Cardacio, 32 ans, fait partie de la génération qui a connu le top niveau avec et sans les réseaux sociaux. Le milieu de terrain a souligné le bonheur qu’était le football lorsqu’il « commençait et se terminait avec le match. »

« Avant l’avènement des réseaux sociaux, je percevais le football comme quelque chose de plus sain, de plus réel. Les gens parlaient beaucoup plus du football et bien moins de ce qui se passait en dehors du terrain. Aujourd’hui, on peut se faire insulter ou discriminer pour des choses qui n’ont rien à voir avec le ballon. Et en plus, ça arrive 24 heures sur 24. Si vous restez sur votre téléphone, vous passez vos journées à voir des étrangers vous attaquer, vous et votre famille, » a expliqué le joueur du Defensor Sporting.

La FIFPRO a alors été mise au courant des niveaux importants de violence, des discours haineux et de la discrimination sur les réseaux sociaux contre les footballeurs, et a publié une déclaration en février exhortant les institutions publiques à mettre en œuvre des protections efficaces contre de telles actions. De plus, elle a recommandé un boycott avec plusieurs organisations de football afin que les réseaux sociaux ajustent leurs mesures contre la discrimination et les insultes en ligne.

Les départs de Rodriguez et Ocampo des réseaux ont incité Cardacio à changer son profil sur les réseaux. Ainsi, en 2020, le protagoniste de l’histoire a décidé de publier sur Twitter des publications davantage liées à sa vie avec sa partenaire et sa fille Catalina, 3 ans, plutôt qu’aux événements du terrain.

« J’ai réalisé que j’étais vraiment énervé à chaque défaite de mon équipe. Mais j’étais encore plus énervé à propos de ce que je voyais sur les réseaux sociaux qu’à propos du match en lui-même. J’ai donc préféré donner plus d’importance à ma famille, » a-t-il expliqué.

“Si vous faites une grosse erreur dans un match, le jour suivant un meme de votre action est publié sur les réseaux sociaux et tourne en boucle dans le monde entier”

— de Mathías Cardacio

Ce nouveau point de vue ne constituait pas seulement une mise en application personnelle pour Cardacio, il l’utilisait aussi comme conseil pour les jeunes joueurs : « Les jeunes joueurs de l’équipe passent leur temps sur leur téléphone. Et je suis témoin de la souffrance qu’ils ressentent par rapport aux critiques qu’ils reçoivent. Certains sont mêmes affectés dans leur façon de jouer. Ils prennent moins de risques de peur de commettre des erreurs. Car si vous faites une grosse erreur dans un match crucial de l’équipe première, le jour suivant un meme de votre action est publié sur les réseaux sociaux et votre vidéo tourne en boucle dans le monde entier. »

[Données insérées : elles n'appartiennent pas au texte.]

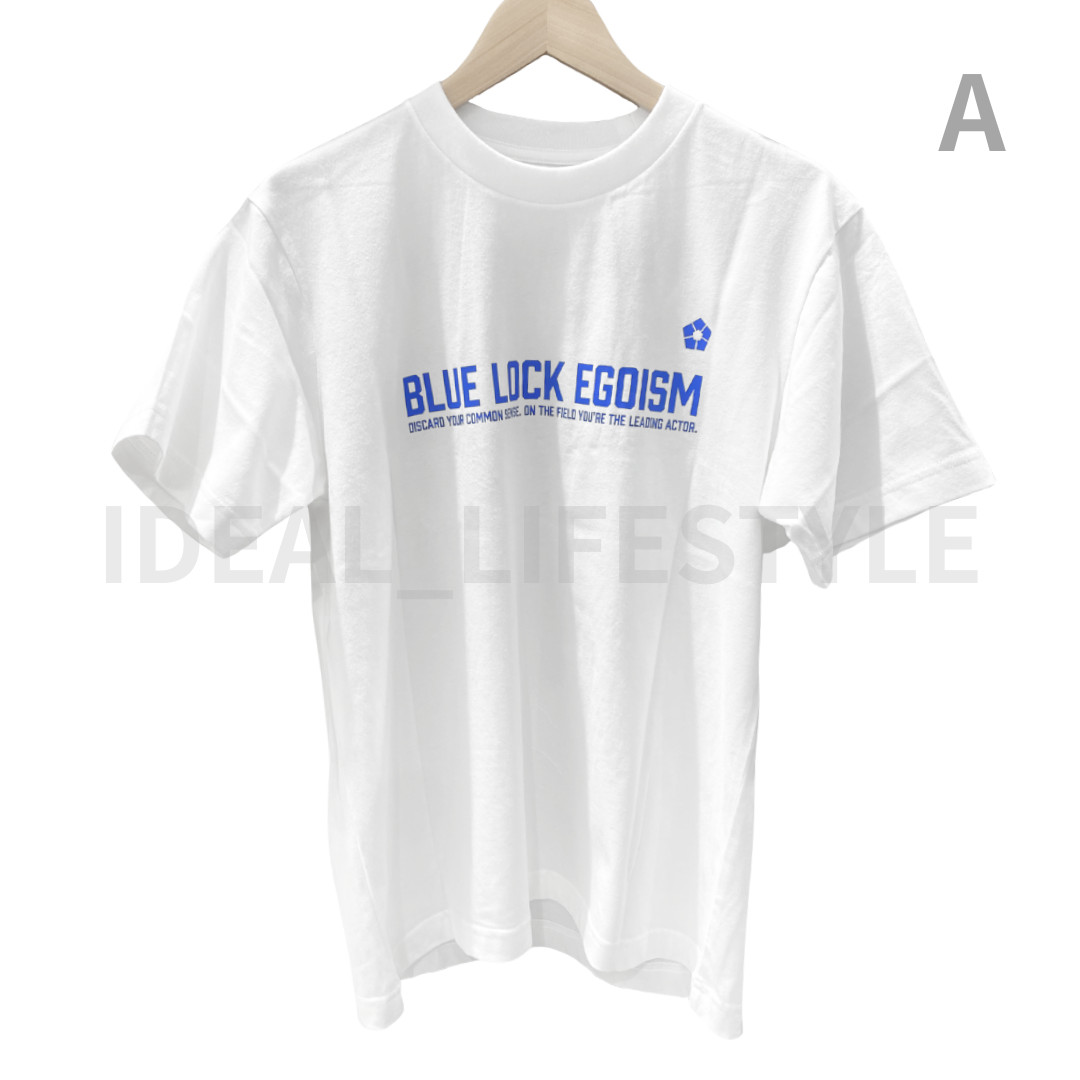 UNIQLO BLUE LOCK UT Graphic T-Shirt S M L XL XXL 3XL 4XL Football Soccer NWT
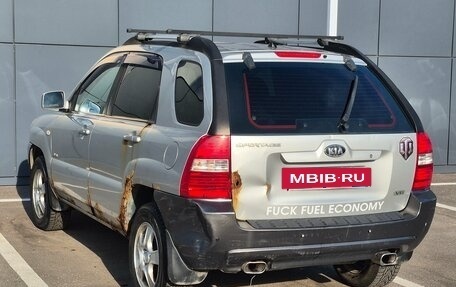 KIA Sportage II, 2006 год, 399 000 рублей, 5 фотография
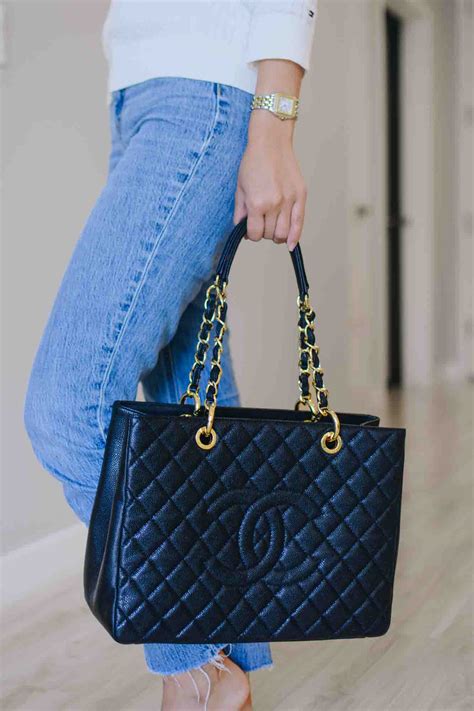 chanel bag price paris 2018|Chanel gst price 2022.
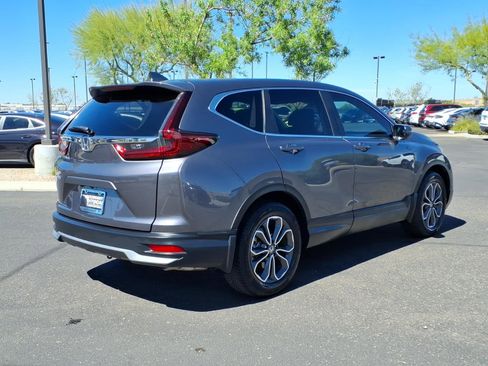 Used 2021 Honda CR-V EX-L image 6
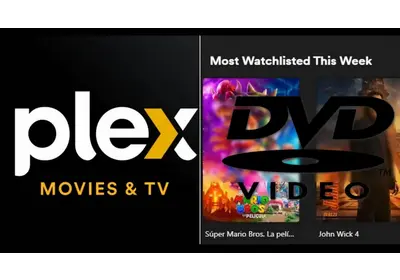 Plex DVD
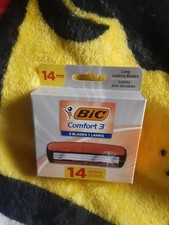 Bic Comfort 3  -  3 Blade Razor Cartridges - ...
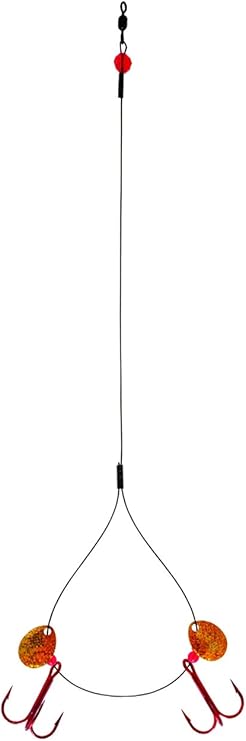 Clam Zero Wire Rig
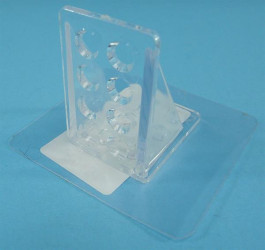 KĄTOWNIK POD PÓŁKĘ SAMOPRZYLEP 65x65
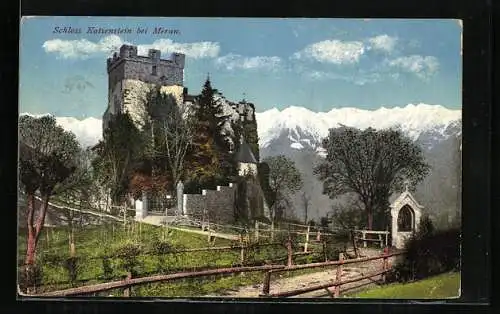 AK Meran, Schloss Katzenstein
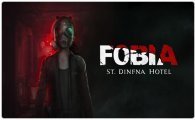 Аренда Fobia - St. Dinfna Hotel для PS4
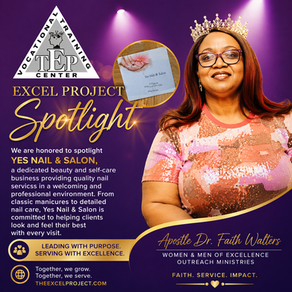 Celebrating Community Wellness at Yes Nail & Salon: A Spotlight on Self-Care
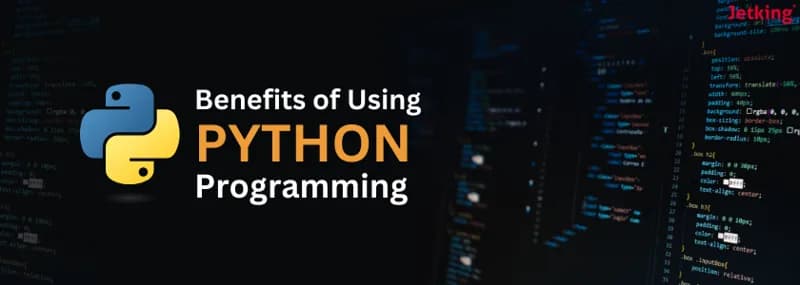 Key Benefits Of Using Python Programming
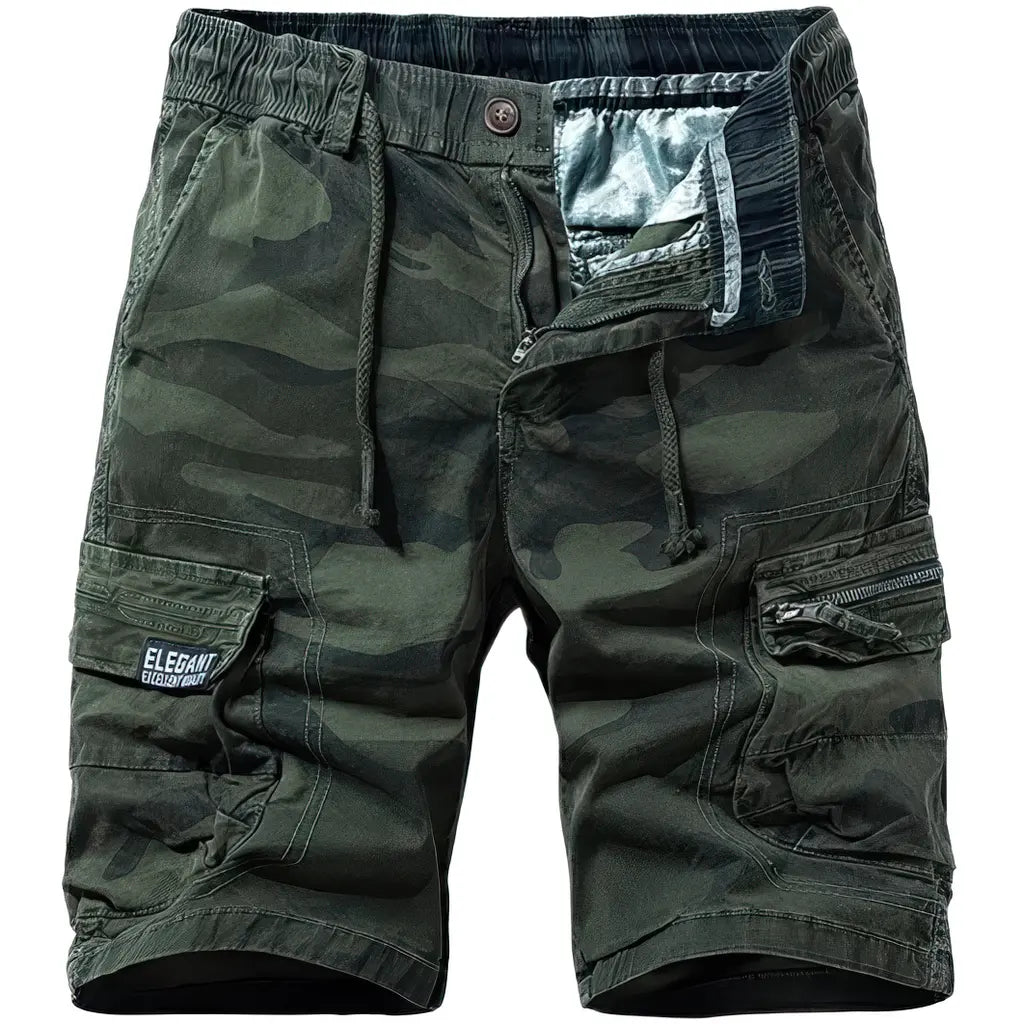 Short Militaire Style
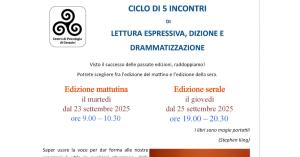<br />
<b>Notice</b>: Undefined index: e101 in <b>/var/www/vhosts/psicologiagessate.it/www.psicologiagessate.it/dev/classes/LanguagesManager.php</b> on line <b>76</b><br />
Lettura espressiva, dizione e drammatizzazione (OTTAVA EDIZIONE)(slider_products, img_alt, , , )5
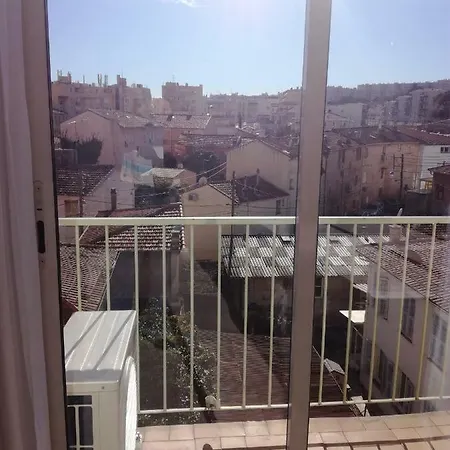 דירה 9 Avenue De Carras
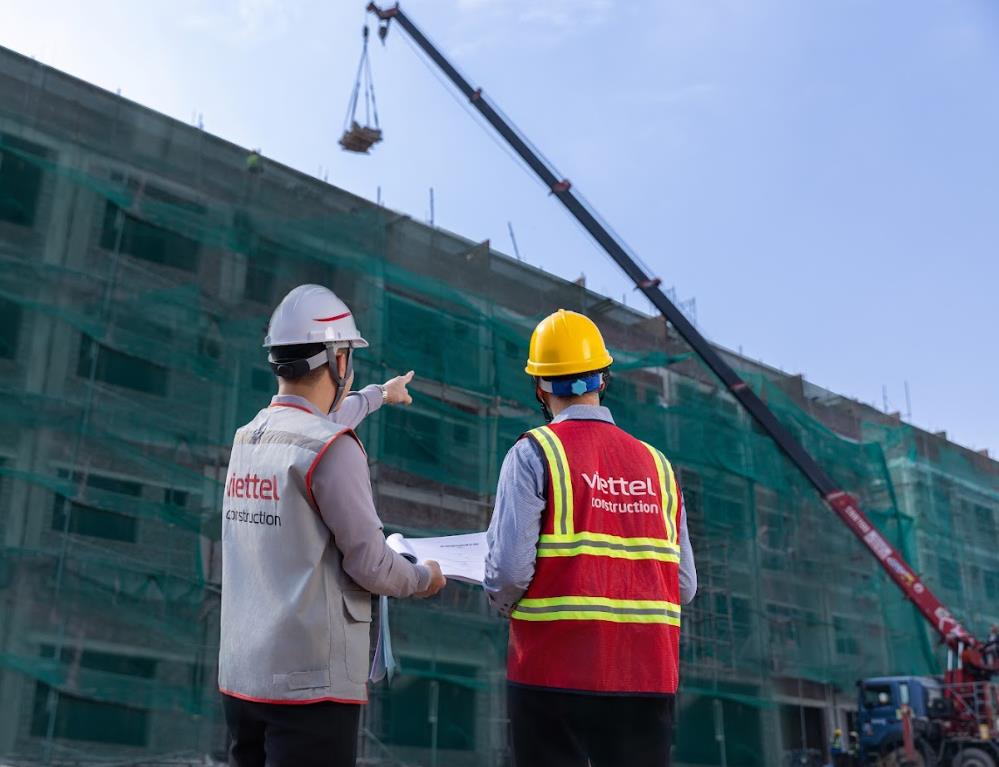 Viettel Construction: Khẳng định năng lực từ c&aacute;c dự &aacute;n tầm cỡ- Ảnh 1.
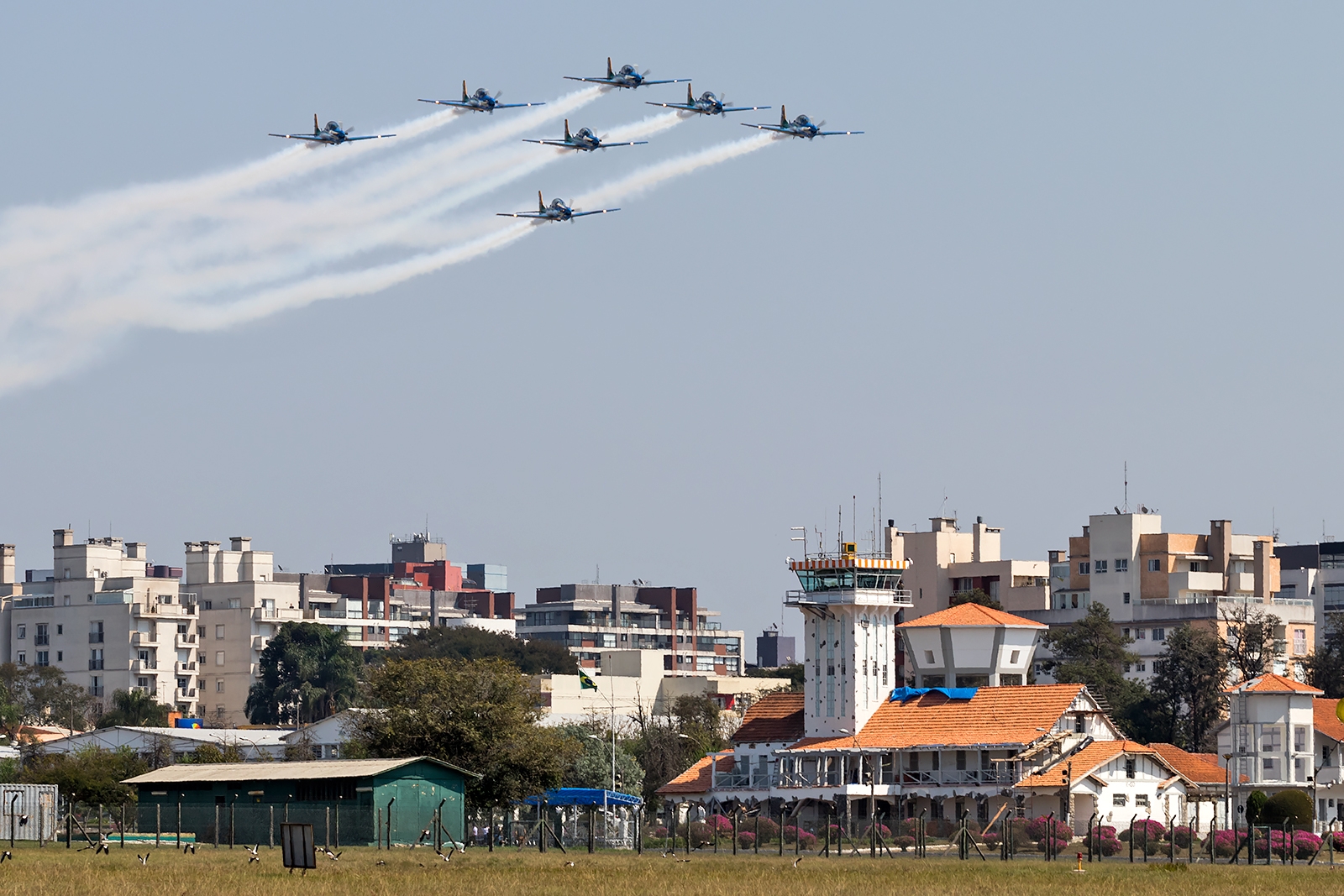 EDA FAB - Embraer A-29 Super Tucano
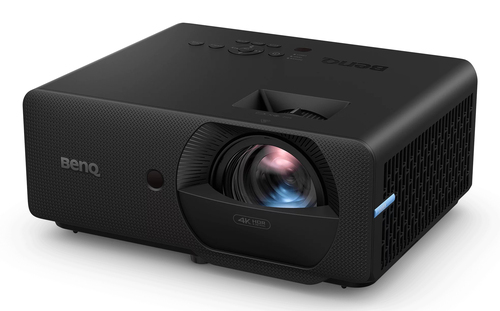 BenQ LK830ST. Projektorhelligkeit: 4000 ANSI Lumen, Projektionstechnologie: DLP, native Auflösung des Projektors: UHD 4K (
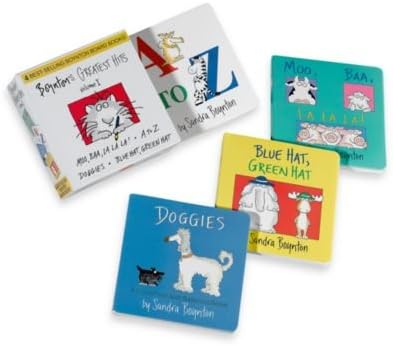 Boynton Books Greatest Hits Volume I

De plus, Cardacio a remarqué avec inquiétude la prépondérance de l’opinion publique sur les réseaux sociaux dans les institutions de football elles-mêmes, ce qui pouvait même mettre en danger la continuité du travail des footballeurs : « Au cours des dernières années, j’ai commencé à remarquer que les réseaux sociaux influençaient même les managers. Certains managers décidaient de ne pas renouveler certains contrats ou de vendre certains joueurs en fonction de ce qui était dit sur eux sur les réseaux sociaux, » expliqua-t-il.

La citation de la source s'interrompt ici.